After snapping at one of her direct reports, Claire left the team meeting hurriedly. She walked directly to the bathroom and stood over the sink, red face and tears silently streaming down her face. After all of Ted's support and hard work she just bit his head off, and she even knows his questions are coming from real concern about quality and his own impact.
Ted is an eight-year veteran at the company, a role model who has navigated a lot of change with integrity. Twenty years in similar roles. He has loved the work and genuinely appreciated Claire's leadership style. But lately he is struggling — with insecurity, with a loss of autonomy, with a real fear about what he still brings to the table. He is quietly asking whether the company cares about quality anymore, or whether since the PE purchase, productivity — even at lower quality — has become the only thing that matters. He isn't being paranoid. He is reading the situation accurately.
Two weeks prior, the head of HR and the CIO sent an email:
"Starting next week, there will be mandatory AI tool training. As you know we have been investing in AI tools for everyone at the company. We are not seeing the usage or productivity gains. To better ensure this investment works we are providing this training and then will begin to monitor AI logins and usage."

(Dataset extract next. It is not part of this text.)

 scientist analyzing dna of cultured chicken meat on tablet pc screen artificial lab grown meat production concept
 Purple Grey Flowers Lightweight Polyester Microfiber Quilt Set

It was not really the move but the message. They weren't indifferent to the people who had built this company — they were caught between a board expecting measurable progress and a workforce that needed something they hadn't been given yet. Like all companies, there were times the executive team managed change better than others. This was not one of the good examples. The initial rollout of the tools felt transactional — and now this email made the subtext plain. The company needed to increase production or decrease costs to justify the AI investment. It further heightened fears that had already been building quietly for months.

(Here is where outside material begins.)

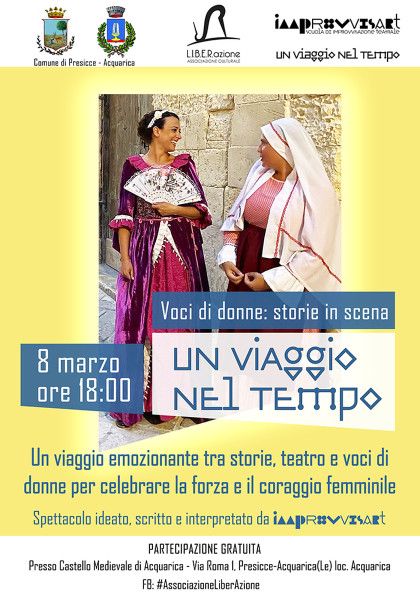 "Voci di donne: Storie in scena" Spettacolo teatrale "Un viaggio nel tempo" per celebrare la forza e il coraggio femminile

It also caught every front-line manager off guard. They received the message at the same time as the workforce. They were sent a few FAQs. They didn't feel prepared. They had the same questions. The same fears. And no better answers.
Leadership, in their haste to see ROI, did what many companies are doing — they tossed the tools over the wall. AI got a bad reputation it didn't entirely earn, and team members felt unheard while managers felt unprepared.
It didn't have to go this way. If the team had been involved, Claire walks down the hall with Ted, brainstorming how he could prototype a new process with the AI tool. Same manager. Same employee. Same tools. Entirely different story.
Why did we go so fast when these are the people we have trusted for so long?